---------- MATERIAL FOR THE TASK ----------
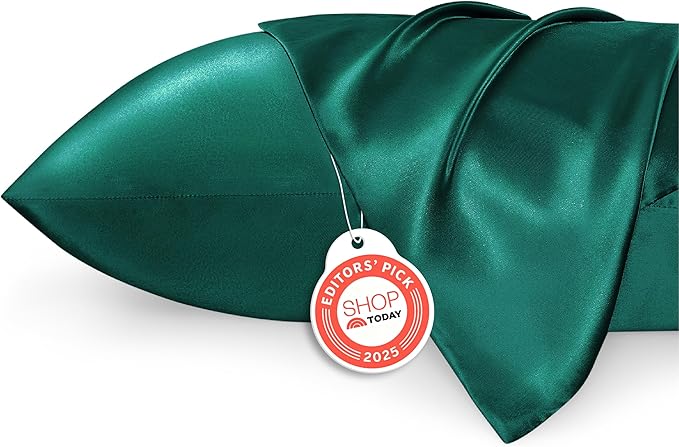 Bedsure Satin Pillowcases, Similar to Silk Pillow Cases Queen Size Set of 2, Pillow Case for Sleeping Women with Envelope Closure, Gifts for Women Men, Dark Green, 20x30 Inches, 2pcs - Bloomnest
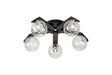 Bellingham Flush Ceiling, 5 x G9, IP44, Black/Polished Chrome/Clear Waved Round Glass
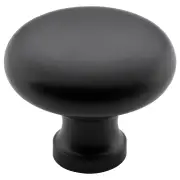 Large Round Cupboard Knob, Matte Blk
----------
---------- MATERIAL FOR THE TASK ----------
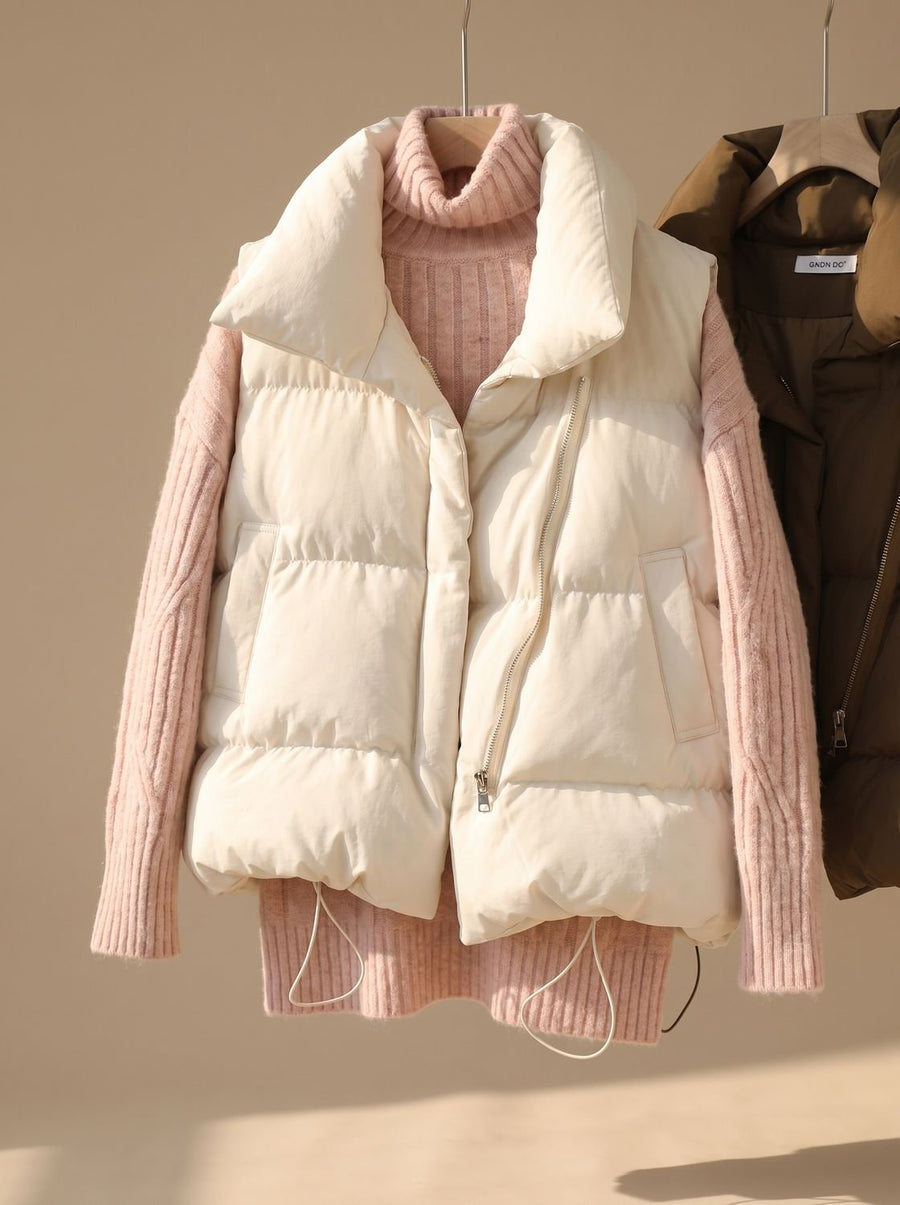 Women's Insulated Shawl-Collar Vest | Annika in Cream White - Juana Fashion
----------
## ABOUT THIS TASK
Leaving out all pictures, set down exactly the lines of the material above, from the line with "Bellingham Flush Ceiling, 5" to the line with "Large Round Cupboard Knob, Matte Blk" inclusive, and no others.

## THE COMPLETED TASK
 Bellingham Flush Ceiling, 5 x G9, IP44, Black/Polished Chrome/Clear Waved Round Glass
 Large Round Cupboard Knob, Matte Blk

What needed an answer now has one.